Beneath this instruction is a block of data; output from it exactly the lines that run from the one containing "Pink‎ Rose Tank" through the one containing "Tài xỉu go88", inclusive.

--- START ---

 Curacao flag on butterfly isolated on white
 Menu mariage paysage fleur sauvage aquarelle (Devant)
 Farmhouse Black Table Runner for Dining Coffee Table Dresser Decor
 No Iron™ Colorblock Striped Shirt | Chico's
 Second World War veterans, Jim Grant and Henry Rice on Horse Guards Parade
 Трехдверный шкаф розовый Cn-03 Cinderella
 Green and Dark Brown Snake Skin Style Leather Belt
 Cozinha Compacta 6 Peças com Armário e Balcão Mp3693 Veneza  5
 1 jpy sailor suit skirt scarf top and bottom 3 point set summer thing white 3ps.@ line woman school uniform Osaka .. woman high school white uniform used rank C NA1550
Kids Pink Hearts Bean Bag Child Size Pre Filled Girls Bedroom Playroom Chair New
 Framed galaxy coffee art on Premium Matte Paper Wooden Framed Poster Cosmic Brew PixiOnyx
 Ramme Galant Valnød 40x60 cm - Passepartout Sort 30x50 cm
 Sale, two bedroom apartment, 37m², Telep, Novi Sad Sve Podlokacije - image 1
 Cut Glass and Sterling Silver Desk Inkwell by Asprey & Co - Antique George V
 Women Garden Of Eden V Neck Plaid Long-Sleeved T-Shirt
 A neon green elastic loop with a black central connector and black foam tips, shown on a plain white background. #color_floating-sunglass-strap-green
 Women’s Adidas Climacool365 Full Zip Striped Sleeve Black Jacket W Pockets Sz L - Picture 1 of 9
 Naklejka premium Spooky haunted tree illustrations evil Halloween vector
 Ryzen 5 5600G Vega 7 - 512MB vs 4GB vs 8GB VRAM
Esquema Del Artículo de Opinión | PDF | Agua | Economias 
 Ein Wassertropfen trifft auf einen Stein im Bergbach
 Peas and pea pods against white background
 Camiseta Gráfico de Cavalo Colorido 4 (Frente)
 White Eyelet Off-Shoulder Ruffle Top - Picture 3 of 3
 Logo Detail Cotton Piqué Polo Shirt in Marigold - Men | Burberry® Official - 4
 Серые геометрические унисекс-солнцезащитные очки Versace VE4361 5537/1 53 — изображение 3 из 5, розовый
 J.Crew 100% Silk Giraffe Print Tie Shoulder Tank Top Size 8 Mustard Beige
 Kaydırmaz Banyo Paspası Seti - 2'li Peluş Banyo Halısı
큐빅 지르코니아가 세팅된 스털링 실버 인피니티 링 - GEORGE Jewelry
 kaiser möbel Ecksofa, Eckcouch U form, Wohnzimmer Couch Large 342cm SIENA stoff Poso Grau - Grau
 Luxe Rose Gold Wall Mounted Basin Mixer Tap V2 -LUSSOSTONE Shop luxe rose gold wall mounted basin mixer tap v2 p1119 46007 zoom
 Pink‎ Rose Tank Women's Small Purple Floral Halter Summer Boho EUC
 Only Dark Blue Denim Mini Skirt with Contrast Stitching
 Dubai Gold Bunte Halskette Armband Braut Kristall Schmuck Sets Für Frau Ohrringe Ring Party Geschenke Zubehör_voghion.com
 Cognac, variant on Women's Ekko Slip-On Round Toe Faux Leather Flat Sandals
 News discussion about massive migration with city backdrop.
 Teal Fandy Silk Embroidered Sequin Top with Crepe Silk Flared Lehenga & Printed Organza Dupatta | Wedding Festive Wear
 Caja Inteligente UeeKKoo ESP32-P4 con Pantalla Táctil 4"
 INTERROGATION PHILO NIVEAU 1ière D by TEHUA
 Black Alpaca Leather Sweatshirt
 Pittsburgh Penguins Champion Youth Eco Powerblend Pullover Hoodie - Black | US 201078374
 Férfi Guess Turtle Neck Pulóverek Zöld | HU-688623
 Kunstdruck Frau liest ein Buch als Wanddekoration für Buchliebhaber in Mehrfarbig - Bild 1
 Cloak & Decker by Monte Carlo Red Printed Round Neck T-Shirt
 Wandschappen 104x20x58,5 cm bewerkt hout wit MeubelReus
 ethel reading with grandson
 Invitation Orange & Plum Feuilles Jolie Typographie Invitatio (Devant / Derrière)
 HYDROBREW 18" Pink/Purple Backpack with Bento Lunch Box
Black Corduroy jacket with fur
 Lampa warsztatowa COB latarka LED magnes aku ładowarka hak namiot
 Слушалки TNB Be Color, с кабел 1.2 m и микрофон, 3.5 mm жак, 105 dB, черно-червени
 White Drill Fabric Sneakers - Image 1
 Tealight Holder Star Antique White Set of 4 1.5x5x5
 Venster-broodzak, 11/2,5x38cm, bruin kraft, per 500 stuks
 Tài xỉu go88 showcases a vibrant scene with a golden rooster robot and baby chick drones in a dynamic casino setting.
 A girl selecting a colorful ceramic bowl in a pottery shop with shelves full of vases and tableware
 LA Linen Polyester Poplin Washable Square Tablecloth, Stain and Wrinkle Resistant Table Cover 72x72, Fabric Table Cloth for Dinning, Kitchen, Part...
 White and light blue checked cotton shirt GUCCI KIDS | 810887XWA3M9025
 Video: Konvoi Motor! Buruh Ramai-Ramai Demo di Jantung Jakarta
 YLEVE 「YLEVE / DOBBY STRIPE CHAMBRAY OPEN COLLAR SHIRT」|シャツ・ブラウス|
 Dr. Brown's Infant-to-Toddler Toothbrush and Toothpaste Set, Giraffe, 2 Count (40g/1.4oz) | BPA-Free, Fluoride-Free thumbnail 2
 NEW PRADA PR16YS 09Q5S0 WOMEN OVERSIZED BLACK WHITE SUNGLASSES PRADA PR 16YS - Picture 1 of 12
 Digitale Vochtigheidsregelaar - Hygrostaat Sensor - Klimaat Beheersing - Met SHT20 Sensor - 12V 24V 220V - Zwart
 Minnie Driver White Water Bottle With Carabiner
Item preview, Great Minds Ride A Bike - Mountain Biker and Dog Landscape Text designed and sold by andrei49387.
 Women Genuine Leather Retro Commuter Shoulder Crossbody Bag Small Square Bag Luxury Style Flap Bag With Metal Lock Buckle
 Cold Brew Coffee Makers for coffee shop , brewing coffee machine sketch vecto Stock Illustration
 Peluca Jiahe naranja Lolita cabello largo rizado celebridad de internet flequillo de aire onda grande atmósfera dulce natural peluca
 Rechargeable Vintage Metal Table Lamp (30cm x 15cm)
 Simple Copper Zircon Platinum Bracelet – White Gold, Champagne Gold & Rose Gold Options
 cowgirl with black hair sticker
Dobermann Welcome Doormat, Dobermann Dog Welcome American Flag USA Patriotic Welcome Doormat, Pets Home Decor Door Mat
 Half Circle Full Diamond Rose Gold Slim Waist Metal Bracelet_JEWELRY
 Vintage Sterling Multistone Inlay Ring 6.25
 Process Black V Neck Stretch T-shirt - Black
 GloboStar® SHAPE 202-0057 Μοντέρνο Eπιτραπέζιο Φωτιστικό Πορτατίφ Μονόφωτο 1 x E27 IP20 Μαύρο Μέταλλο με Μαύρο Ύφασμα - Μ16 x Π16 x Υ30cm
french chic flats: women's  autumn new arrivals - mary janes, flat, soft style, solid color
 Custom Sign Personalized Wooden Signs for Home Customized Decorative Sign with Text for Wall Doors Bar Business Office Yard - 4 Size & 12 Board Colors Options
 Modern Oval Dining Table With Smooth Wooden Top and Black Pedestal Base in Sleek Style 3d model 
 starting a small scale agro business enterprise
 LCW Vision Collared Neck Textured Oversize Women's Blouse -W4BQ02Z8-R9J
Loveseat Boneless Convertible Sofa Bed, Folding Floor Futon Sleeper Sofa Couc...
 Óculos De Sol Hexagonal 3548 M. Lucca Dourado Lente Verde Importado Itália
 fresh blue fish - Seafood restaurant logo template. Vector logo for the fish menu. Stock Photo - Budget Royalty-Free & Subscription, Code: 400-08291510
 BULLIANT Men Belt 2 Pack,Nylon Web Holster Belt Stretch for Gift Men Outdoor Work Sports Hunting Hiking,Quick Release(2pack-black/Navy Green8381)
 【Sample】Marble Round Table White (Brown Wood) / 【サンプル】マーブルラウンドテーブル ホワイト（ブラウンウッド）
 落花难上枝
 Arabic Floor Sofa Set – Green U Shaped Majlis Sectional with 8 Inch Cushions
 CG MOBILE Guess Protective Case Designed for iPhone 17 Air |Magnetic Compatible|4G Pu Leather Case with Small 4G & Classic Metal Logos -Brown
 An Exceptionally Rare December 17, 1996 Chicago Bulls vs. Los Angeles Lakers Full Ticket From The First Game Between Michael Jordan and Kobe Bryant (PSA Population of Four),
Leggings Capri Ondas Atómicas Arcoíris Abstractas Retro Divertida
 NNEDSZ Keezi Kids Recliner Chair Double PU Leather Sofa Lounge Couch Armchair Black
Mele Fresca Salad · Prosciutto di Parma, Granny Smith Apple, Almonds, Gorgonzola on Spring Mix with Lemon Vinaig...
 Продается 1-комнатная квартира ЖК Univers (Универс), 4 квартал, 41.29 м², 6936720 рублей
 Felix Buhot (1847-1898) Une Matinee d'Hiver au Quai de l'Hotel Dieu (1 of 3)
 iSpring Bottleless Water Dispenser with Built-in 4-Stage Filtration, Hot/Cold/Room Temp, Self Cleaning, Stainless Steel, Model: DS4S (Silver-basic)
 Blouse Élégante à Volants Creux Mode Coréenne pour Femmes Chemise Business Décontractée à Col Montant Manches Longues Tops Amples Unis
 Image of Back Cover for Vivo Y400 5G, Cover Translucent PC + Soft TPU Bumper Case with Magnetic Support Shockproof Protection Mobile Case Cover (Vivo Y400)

--- END ---

▶ **SOLVED PROBLEM**:
 Pink‎ Rose Tank Women's Small Purple Floral Halter Summer Boho EUC
 Only Dark Blue Denim Mini Skirt with Contrast Stitching
 Dubai Gold Bunte Halskette Armband Braut Kristall Schmuck Sets Für Frau Ohrringe Ring Party Geschenke Zubehör_voghion.com
 Cognac, variant on Women's Ekko Slip-On Round Toe Faux Leather Flat Sandals
 News discussion about massive migration with city backdrop.
 Teal Fandy Silk Embroidered Sequin Top with Crepe Silk Flared Lehenga & Printed Organza Dupatta | Wedding Festive Wear
 Caja Inteligente UeeKKoo ESP32-P4 con Pantalla Táctil 4"
 INTERROGATION PHILO NIVEAU 1ière D by TEHUA
 Black Alpaca Leather Sweatshirt
 Pittsburgh Penguins Champion Youth Eco Powerblend Pullover Hoodie - Black | US 201078374
 Férfi Guess Turtle Neck Pulóverek Zöld | HU-688623
 Kunstdruck Frau liest ein Buch als Wanddekoration für Buchliebhaber in Mehrfarbig - Bild 1
 Cloak & Decker by Monte Carlo Red Printed Round Neck T-Shirt
 Wandschappen 104x20x58,5 cm bewerkt hout wit MeubelReus
 ethel reading with grandson
 Invitation Orange & Plum Feuilles Jolie Typographie Invitatio (Devant / Derrière)
 HYDROBREW 18" Pink/Purple Backpack with Bento Lunch Box
Black Corduroy jacket with fur
 Lampa warsztatowa COB latarka LED magnes aku ładowarka hak namiot
 Слушалки TNB Be Color, с кабел 1.2 m и микрофон, 3.5 mm жак, 105 dB, черно-червени
 White Drill Fabric Sneakers - Image 1
 Tealight Holder Star Antique White Set of 4 1.5x5x5
 Venster-broodzak, 11/2,5x38cm, bruin kraft, per 500 stuks
 Tài xỉu go88 showcases a vibrant scene with a golden rooster robot and baby chick drones in a dynamic casino setting.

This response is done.